The Oregon Trail is one of those games that is bafflingly creeping into top game lists, so when I discovered you could play it for free on the Internet Archive I figured it was time to take a trip… down a trail… Hopefully to Oregon.
Originally developed in 1971, and published in 1974 as an educational game for U.S schools by the Minnesota Educational Computing Consortium, Oregon Trail went onto wider fame with its 1990 release on the Macintosh, and i’ll be honest, I had never heard of it until recently.
You are the Pioneer taking your 4 useless party members with you to the promised land of Oregon.
Your companions do nothing except eat your food. Fuckers.

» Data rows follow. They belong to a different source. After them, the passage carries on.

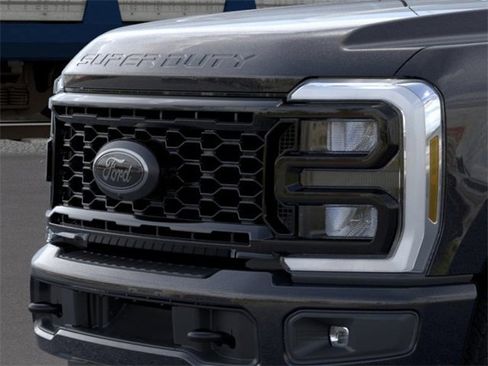 New 2026 Ford F250 Lariat image 17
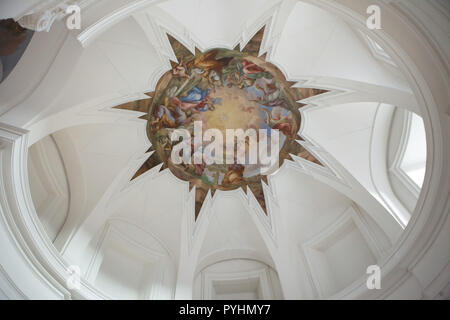 Saint Bernard Kapelle im Kloster Das Kloster Plasy Plasy (Klášter) in Westböhmen, Tschechische Republik. Die Kapelle von tschechischen Architekten mit italienischen Wurzeln Jan Santini Aichel (Giovanni Biagio Santini) im Jahr 1724 in der Kombination von barocken und gotischen Stil, barocke gotischen Stil gebaut, bekannt wurde. Deckengemälde von österreichischen Maler Jakub Antonín Rosa (Jakob Anton Rosa) ist auf dem Bild zu sehen. Stockfoto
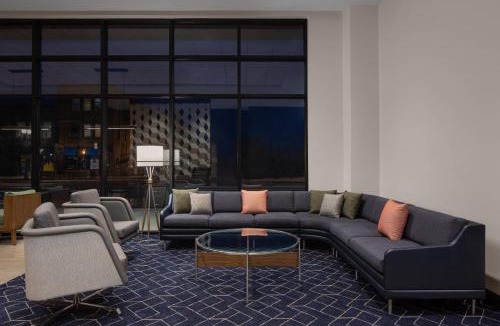 Lansing Hotel | Courtyard by Marriott Lansing Downtown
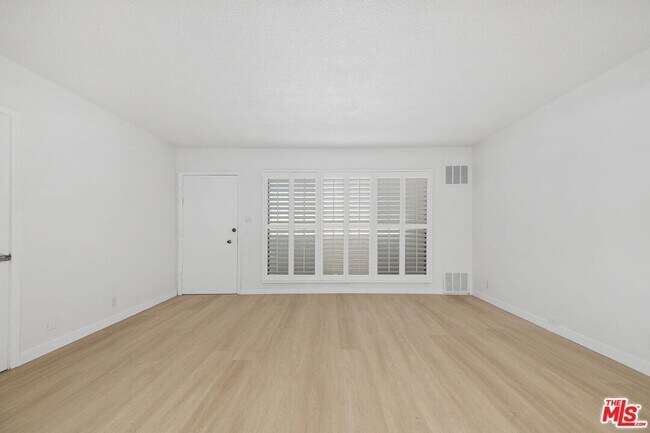 Building Photo - 2621 S Centinela Ave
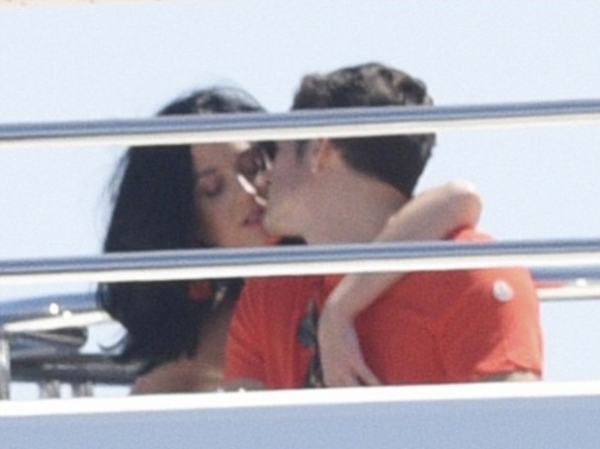 Орландо Блум и Кэти Перри целовались на яхте в Каннах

You can be a Banker from Boston, a Carpenter from Ohio, or a Farmer from Illinois. Ultimately, these are your difficulty settings, the Banker has the most money, making your journey easiest, and the Farmer is broke as fuck making the game pretty hard. These also affect your score at the end. The Banker gets no multiplier to his score, the Carpenter gets a x2 multiplier, and the Banker gets x3. Meaning if you are score chasing, the only way forward is the Farmer,
Before you set off from Independence, Missouri you buy your supplies from the merchant:
- How many Oxen you think you need
- How much food you will need
- How many spare items of clothing
- How much Ammo you need for the journey
- Spare parts for the wagons
As the Banker, you can just keep buying all the shit you need. You can even pay for Sherpa to take you across rivers. As the Farmer? Tough shit, you can barely afford clothing. You certainly can’t afford clothing AND Oxen. This brings in the resource management, you’ll need a tonne of ammo for hunting as a farmer, and then buy what you can. Think now, as you’ll probably need to trade along the way, but if you don’t have enough Oxen you won’t get to where you’re going, so do you risk buying an extra Ox, or do you buy some spare clothing to trade/change into or some spare wheels?
The RNGesus can be very tough as your travelling troupe succumb to snake bites, measles, or the cold. Hell, the little fuckers will even drown when your wagon crashes, or they die from Hypothermia if you don’t have spare clothing, and this is all pretty random. I played the same set up 5 times in a row just getting to Laramie before resetting, and each game had different events. Caulk the wagon across the river can end in disaster on the first river, the odds are low, but you can fuck your entire your game early.
The first few playthroughs I didn’t realise I could hunt. The next few I was the banker so rarely needed to, but once you roll the farmer you’ll be hunting every 30 seconds. This is where you discover how much of a murdering psychopath you really are!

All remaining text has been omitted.